もう一方の結界内でジョニーが何種類かのハーブをアルジェントに渡している。その後でシンちゃんと私の周りを歩き、確認作業をするアルジェント。
その様子は、キツネというよりも警察犬みたいだった。
「これじゃない、これも違う…こっちは近いけれど、こんなに爽やかじゃない」
「アルジェント、これで最後ですにゃ」
手渡された最後のハーブも違うみたい。アルジェントの耳がペタンッとしちゃっている。
「全部違う…一つも該当しない。でも何の香りなのかな?」
その様子をじっと見ていたジョニーは首を傾げて困った顔のアルジェントではなく旦那さんに視線を移した。
「どうしますかにゃ?フミ様」
「うーん…ハーブみたいな香りなのは確かなんだよね?アルジェントは一度戻ってアズールに会ってきて。今から言う物を用意して欲しいと伝えて」
ちょいちょいと手招きをしてアルジェントに何かを言う旦那さん。
「はい…?えっ、それは!可能性はありますが…信じられないです。でも、行ってきます」
旦那さんから何かを言われたアルジェントはかなり動揺していた。そのまま『窓』を開いていなくなる。
「ねえ、フミは何を言ったんだと思う?」
「旦那さんが伝えた内容?多分だけれどね?シーサーペントが好む物についてだよ」
「アルジェントの気持ちが理解出来ちゃうな…誰かが持ち込んで襲われるように仕組んだって事でしょう?」
「普通なら自分達も巻き込まれて、最悪の場合はシーサーペントの餌だもんね。でもさ?正常な判断が出来なければ有り得ると思うよ?例えば薬物とかさ…他には被害よりも利益が上回っているから優先させた、とかね」
私がそう言うとシンちゃんは額に手を当てた。理解出来ないっていう感じに見える。単に何かの密輸なのかアルジェント絡みでケモナー伯爵なのか。

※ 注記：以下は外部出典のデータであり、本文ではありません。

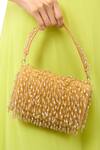 Nazaakat By Samara Singh_Gold Beads, Sequins Suede Handbag With Beaded Embellishments _Online_at_Aza_Fashions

バン国王からの依頼で北に向かわなきゃいけないのに面倒だな。とは思っても放置出来ないから対策を考えなきゃね。
「船を降りたらシーサーペントを売り払って美味しい物食べよう?機嫌直して」
「そうだね。つまらない事を考えて時間を浪費するのも馬鹿馬鹿しいね」
「そうと決まったらハーブティを堪能しようよ。マロ、結界を解除して。ジョニーはハーブティをよろしく」
「了解です!」
「すぐに用意しますにゃ」
アルジェントが戻って来るまで皆でゆっくりした。